Alpha diversity analysis of non-E. coli Escherichia species. Chao1 and Shannon index diversity analysis of data to examine variation of all 22 non-E. coli Escherichia species amplicon sequencing variants across environmental samples and sample sites. Box and whisker plot of Chao1 (richness) and Shannon diversity indices of only E. marmotae, E. ruysiae and E. whittamii gnd sequence types (gSTs) identified within community profiles of 168 environmental samples examined using gnd amplicon metabarcoding. Amplicon sequencing variants were identified using DADA2 and compared to E. marmotae, E. ruysiae and E. whittamii gnd sequence types within gndDb, a database containing over 700 hypervariable partial gnd sequences.
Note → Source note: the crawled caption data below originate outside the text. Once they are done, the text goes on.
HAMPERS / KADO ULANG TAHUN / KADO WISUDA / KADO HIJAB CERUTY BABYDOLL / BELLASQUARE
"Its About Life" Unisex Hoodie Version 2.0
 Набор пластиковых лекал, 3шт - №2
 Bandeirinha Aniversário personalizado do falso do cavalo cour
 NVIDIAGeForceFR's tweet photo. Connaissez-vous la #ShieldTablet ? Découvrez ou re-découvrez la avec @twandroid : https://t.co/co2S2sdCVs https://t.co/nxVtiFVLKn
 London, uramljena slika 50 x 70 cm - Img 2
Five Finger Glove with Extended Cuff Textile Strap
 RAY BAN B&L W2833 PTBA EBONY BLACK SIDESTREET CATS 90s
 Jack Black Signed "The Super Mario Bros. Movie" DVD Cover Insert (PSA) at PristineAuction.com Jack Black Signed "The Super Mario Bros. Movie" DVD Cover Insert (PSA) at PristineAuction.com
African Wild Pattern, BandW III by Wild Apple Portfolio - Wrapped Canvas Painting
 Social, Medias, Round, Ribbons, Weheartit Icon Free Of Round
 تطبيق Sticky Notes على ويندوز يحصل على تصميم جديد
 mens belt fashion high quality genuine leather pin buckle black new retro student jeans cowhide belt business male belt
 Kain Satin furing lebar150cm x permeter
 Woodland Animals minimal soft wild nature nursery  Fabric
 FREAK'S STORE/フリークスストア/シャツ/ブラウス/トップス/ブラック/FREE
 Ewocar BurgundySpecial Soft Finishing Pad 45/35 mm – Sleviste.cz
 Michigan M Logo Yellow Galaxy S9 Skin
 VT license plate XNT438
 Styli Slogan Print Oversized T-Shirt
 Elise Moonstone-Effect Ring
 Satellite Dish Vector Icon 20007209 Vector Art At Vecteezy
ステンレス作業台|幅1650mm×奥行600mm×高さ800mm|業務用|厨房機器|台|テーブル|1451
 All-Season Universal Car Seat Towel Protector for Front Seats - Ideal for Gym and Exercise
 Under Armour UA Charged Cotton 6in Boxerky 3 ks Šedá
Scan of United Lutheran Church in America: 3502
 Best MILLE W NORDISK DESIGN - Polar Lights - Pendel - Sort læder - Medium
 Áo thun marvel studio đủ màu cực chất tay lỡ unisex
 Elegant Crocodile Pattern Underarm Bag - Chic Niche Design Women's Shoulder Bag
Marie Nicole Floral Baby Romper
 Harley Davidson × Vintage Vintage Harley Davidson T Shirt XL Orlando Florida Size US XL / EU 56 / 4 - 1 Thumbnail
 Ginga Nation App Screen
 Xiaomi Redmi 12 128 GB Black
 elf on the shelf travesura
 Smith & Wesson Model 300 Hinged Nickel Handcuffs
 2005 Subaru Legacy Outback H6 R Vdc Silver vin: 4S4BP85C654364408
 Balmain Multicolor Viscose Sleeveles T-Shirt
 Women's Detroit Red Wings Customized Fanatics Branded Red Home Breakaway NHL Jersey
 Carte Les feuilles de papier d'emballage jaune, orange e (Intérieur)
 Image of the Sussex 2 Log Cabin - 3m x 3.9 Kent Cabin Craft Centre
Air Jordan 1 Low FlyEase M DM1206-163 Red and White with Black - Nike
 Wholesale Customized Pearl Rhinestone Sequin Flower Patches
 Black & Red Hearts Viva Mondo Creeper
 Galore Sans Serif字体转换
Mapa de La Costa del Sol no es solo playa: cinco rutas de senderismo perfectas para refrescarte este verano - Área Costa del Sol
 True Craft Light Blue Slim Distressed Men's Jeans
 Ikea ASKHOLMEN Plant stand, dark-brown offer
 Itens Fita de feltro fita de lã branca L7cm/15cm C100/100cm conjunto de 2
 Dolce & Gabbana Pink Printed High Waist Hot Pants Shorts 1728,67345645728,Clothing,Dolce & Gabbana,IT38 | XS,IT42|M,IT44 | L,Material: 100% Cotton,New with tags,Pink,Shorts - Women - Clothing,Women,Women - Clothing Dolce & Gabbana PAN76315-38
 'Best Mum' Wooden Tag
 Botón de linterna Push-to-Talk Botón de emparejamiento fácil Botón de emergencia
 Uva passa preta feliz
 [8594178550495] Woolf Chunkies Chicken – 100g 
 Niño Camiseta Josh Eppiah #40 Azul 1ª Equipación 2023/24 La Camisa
The boxes show median values and span lower to upper quartiles; the whiskers show the highest and lowest values within 1.5 times the interquartile range. A Student’s t-test of variance was used to compare (A) Chao 1 and (B) Shannon diversity indices of E. marmotae, E. ruysiae and E. whittamii gSTs from Site 1 with each of the other sites, and (C) Chao 1 and (D) Shannon diversity indices of E. marmotae and E. ruysiae gSTs from water samples with other environmental samples; *, p < 0.05; **, p < 0.01; ***, p < 0.001; ns, not significant, p > 0.05. A one-way ANOVA was used to compare all ASV read counts (n = 22) from all sites or sample types.

Fig. 6

Beta diversity of all Escherichia coli and non-E. coli Escherichia species gnd sequence types (gSTs). Principal component analysis (PCA) to demonstrate the between sample variation and spatial distribution of gSTs (n = 426) matching E. coli, and Escherichia species (E. marmotae, E. ruysiae and E. whittamii) within a reference database (gndDb) obtained from environmental samples recovered from five separate sites.